__Task to complete__
Below are some records. Reproduce them exactly from their first line through the line with "dragonfly sitting on a blade of grass", inclusive.

# # # # #

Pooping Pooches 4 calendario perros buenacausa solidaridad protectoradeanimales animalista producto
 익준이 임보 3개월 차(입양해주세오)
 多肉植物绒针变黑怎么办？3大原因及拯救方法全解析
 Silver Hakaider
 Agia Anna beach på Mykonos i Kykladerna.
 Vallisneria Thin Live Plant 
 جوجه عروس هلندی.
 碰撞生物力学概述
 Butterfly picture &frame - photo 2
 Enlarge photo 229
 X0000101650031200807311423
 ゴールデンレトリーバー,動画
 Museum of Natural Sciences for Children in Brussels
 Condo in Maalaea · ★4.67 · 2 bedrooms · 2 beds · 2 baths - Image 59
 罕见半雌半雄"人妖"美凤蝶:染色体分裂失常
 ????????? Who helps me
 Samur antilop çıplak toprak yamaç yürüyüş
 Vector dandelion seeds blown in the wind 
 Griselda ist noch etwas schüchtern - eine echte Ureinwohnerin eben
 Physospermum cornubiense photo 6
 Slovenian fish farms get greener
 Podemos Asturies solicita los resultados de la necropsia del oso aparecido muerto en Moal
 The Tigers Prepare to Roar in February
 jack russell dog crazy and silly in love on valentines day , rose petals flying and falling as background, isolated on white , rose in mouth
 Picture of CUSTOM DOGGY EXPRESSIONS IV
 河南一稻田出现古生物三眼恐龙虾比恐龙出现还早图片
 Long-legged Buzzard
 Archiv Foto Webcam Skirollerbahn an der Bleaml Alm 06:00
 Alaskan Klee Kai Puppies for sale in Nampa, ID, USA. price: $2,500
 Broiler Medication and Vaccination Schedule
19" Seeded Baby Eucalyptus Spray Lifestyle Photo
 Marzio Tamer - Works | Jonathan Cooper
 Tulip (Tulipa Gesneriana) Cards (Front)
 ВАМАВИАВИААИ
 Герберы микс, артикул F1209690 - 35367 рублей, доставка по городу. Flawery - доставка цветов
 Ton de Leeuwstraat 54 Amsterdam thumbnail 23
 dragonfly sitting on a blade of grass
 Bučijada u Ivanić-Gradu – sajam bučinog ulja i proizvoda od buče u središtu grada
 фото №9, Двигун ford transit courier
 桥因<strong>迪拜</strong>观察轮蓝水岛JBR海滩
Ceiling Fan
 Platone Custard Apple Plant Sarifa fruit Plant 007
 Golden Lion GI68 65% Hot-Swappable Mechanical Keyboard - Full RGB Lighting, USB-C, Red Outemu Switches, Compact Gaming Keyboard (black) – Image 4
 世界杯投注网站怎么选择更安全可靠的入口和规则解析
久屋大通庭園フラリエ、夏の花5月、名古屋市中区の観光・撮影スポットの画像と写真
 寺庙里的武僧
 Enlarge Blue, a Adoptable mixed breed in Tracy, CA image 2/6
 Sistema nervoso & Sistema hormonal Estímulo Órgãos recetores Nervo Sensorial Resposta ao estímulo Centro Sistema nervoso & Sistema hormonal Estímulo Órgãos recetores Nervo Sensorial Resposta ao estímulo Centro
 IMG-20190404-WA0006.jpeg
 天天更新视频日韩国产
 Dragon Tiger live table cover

# # # # #

__Solved problem__
Pooping Pooches 4 calendario perros buenacausa solidaridad protectoradeanimales animalista producto
 익준이 임보 3개월 차(입양해주세오)
 多肉植物绒针变黑怎么办？3大原因及拯救方法全解析
 Silver Hakaider
 Agia Anna beach på Mykonos i Kykladerna.
 Vallisneria Thin Live Plant 
 جوجه عروس هلندی.
 碰撞生物力学概述
 Butterfly picture &frame - photo 2
 Enlarge photo 229
 X0000101650031200807311423
 ゴールデンレトリーバー,動画
 Museum of Natural Sciences for Children in Brussels
 Condo in Maalaea · ★4.67 · 2 bedrooms · 2 beds · 2 baths - Image 59
 罕见半雌半雄"人妖"美凤蝶:染色体分裂失常
 ????????? Who helps me
 Samur antilop çıplak toprak yamaç yürüyüş
 Vector dandelion seeds blown in the wind 
 Griselda ist noch etwas schüchtern - eine echte Ureinwohnerin eben
 Physospermum cornubiense photo 6
 Slovenian fish farms get greener
 Podemos Asturies solicita los resultados de la necropsia del oso aparecido muerto en Moal
 The Tigers Prepare to Roar in February
 jack russell dog crazy and silly in love on valentines day , rose petals flying and falling as background, isolated on white , rose in mouth
 Picture of CUSTOM DOGGY EXPRESSIONS IV
 河南一稻田出现古生物三眼恐龙虾比恐龙出现还早图片
 Long-legged Buzzard
 Archiv Foto Webcam Skirollerbahn an der Bleaml Alm 06:00
 Alaskan Klee Kai Puppies for sale in Nampa, ID, USA. price: $2,500
 Broiler Medication and Vaccination Schedule
19" Seeded Baby Eucalyptus Spray Lifestyle Photo
 Marzio Tamer - Works | Jonathan Cooper
 Tulip (Tulipa Gesneriana) Cards (Front)
 ВАМАВИАВИААИ
 Герберы микс, артикул F1209690 - 35367 рублей, доставка по городу. Flawery - доставка цветов
 Ton de Leeuwstraat 54 Amsterdam thumbnail 23
 dragonfly sitting on a blade of grass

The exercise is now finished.